- _Data to use_:
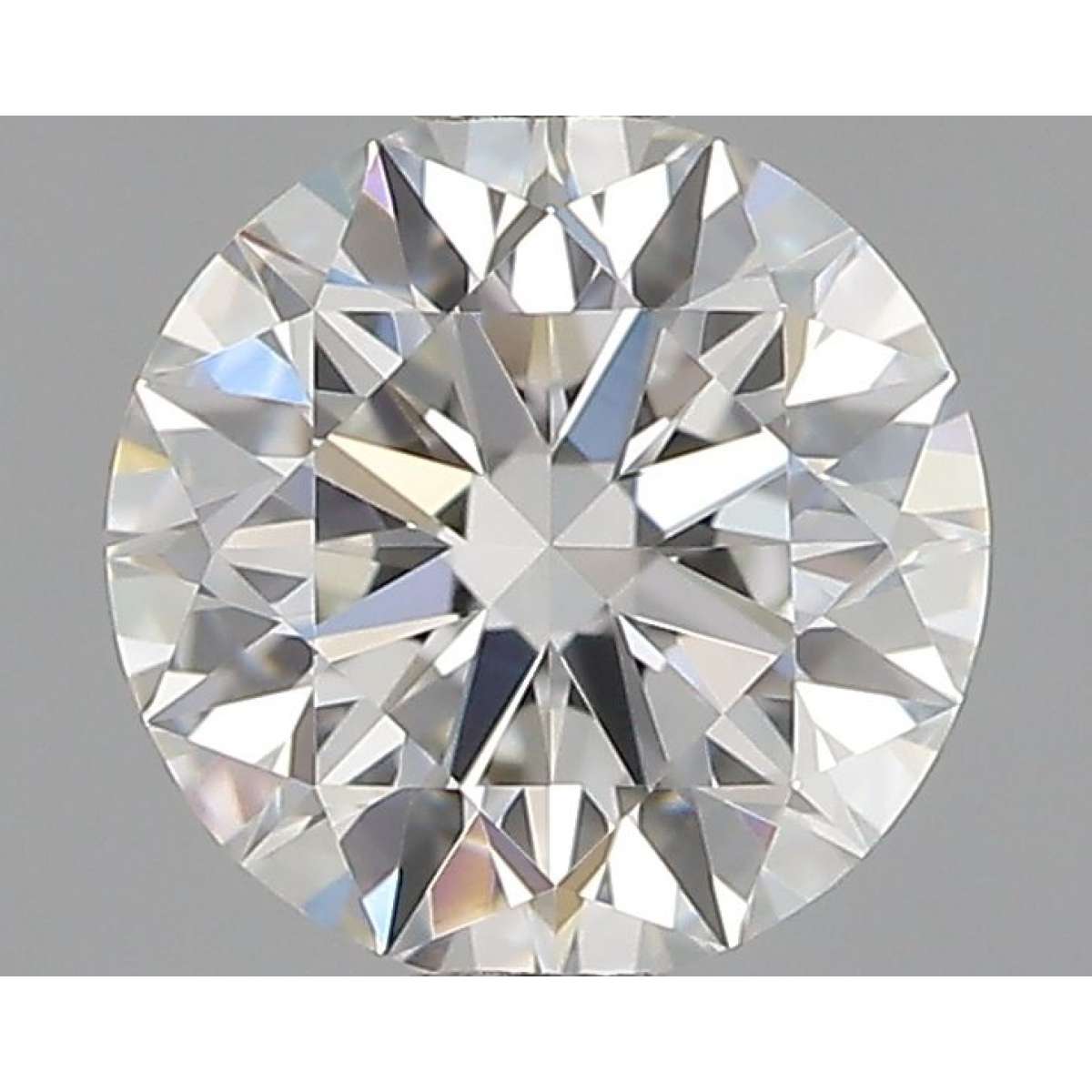 Certified Diamond GIA Carats 0.53 Color G Clarity VS1 EX EX EX Fluorescence NON Brown No Green No Milky No EyeClean 100% Certified Diamond GIA Carats 0.53 Color G Clarity VS1 EX EX EX Fluorescence NON Brown No Green No Milky No EyeClean 100%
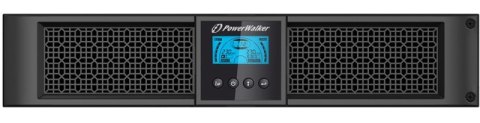 UPS ZASILACZ AWARYJNY PowerWalker VFI 1000 RT HID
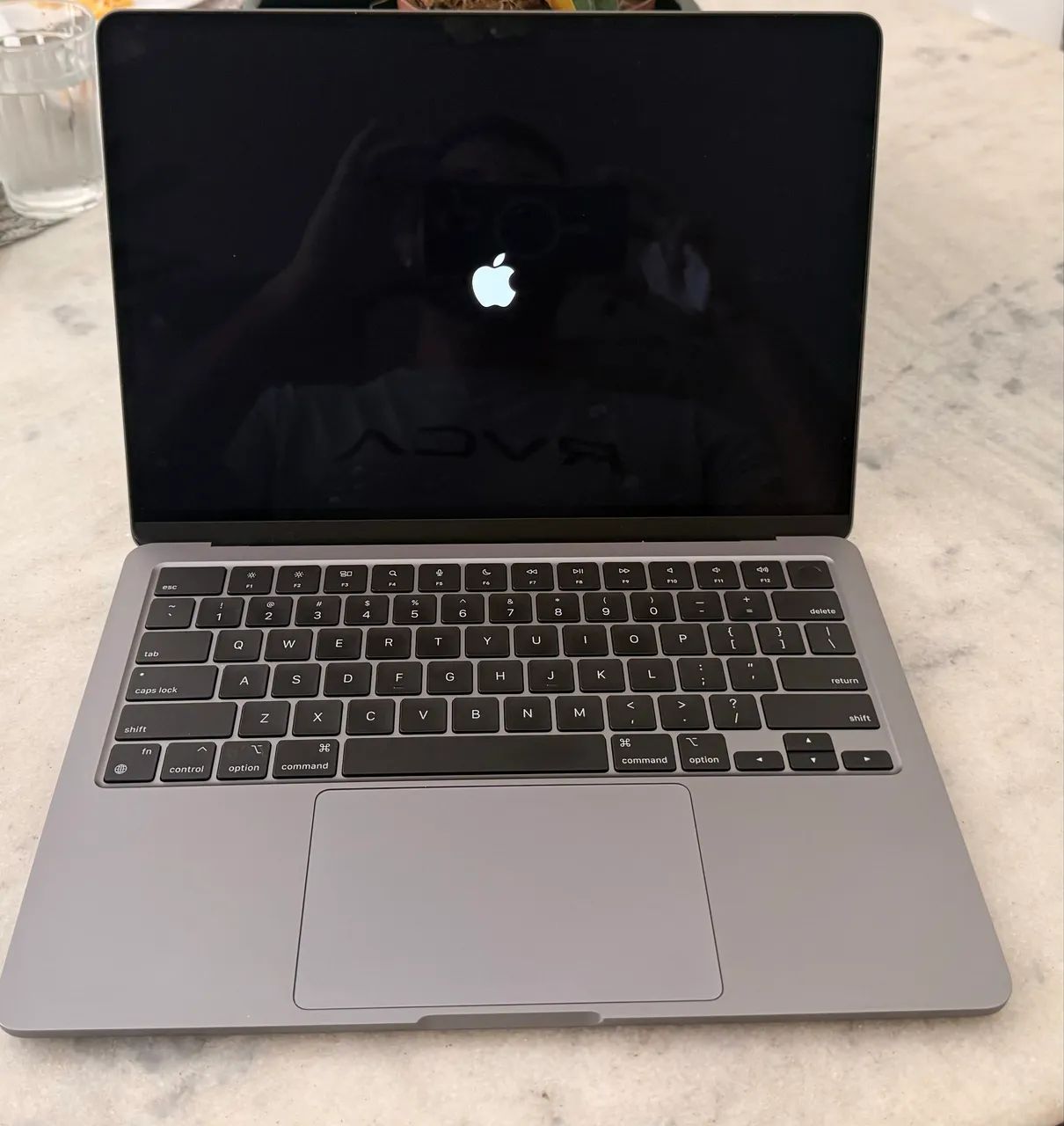 Macbook Air M2 - Foto 2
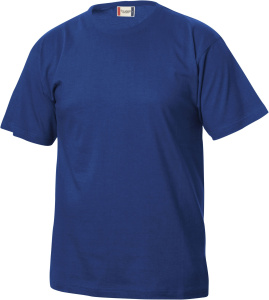BASIC-T JUNIOR 15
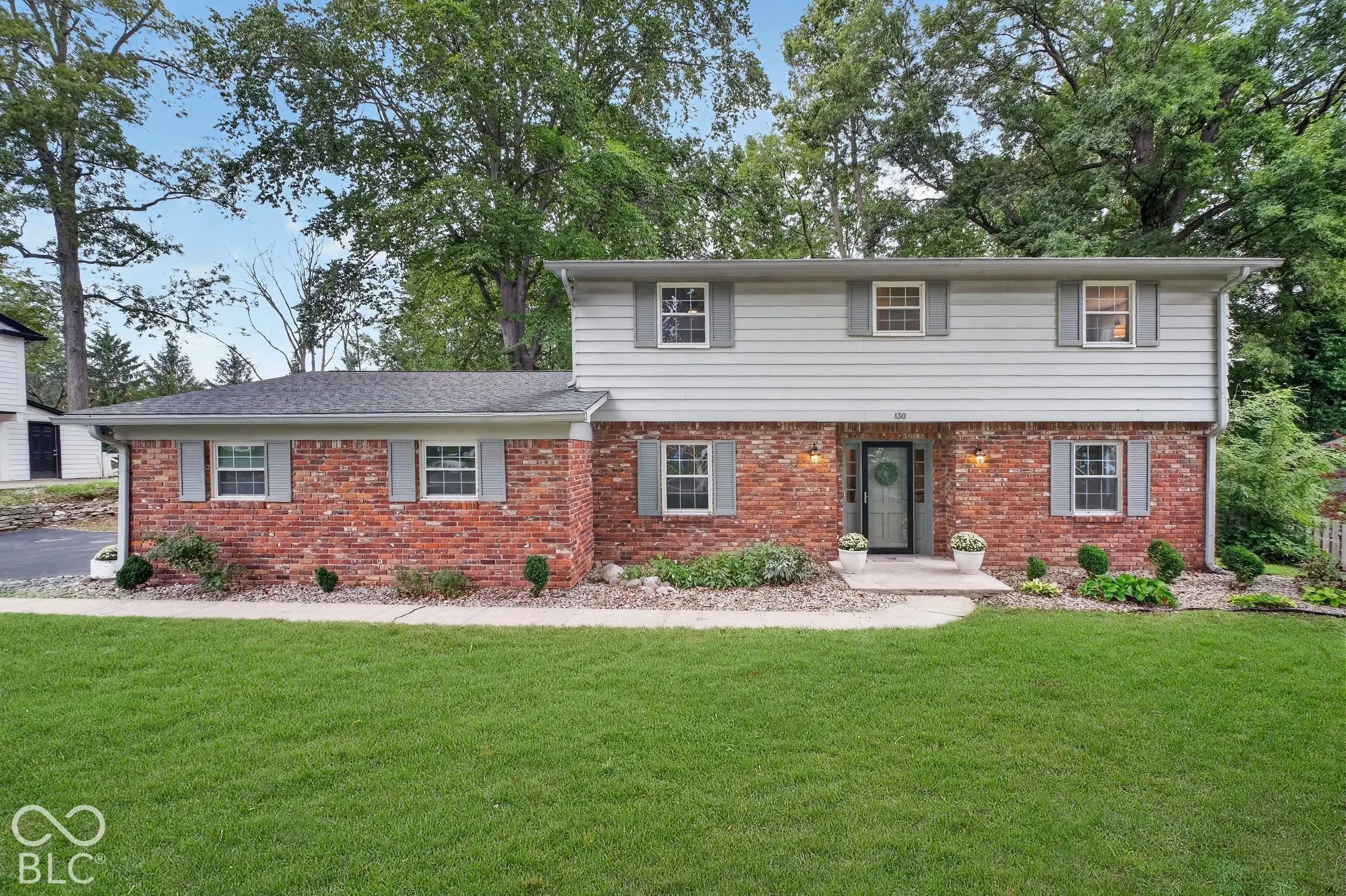 130 Beechmont Drive, Carmel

- _Work required_: What you return must match the records above exactly, minus any images.

- _Final answer_:
 Certified Diamond GIA Carats 0.53 Color G Clarity VS1 EX EX EX Fluorescence NON Brown No Green No Milky No EyeClean 100% Certified Diamond GIA Carats 0.53 Color G Clarity VS1 EX EX EX Fluorescence NON Brown No Green No Milky No EyeClean 100%
 UPS ZASILACZ AWARYJNY PowerWalker VFI 1000 RT HID
 Macbook Air M2 - Foto 2
BASIC-T JUNIOR 15
 130 Beechmont Drive, Carmel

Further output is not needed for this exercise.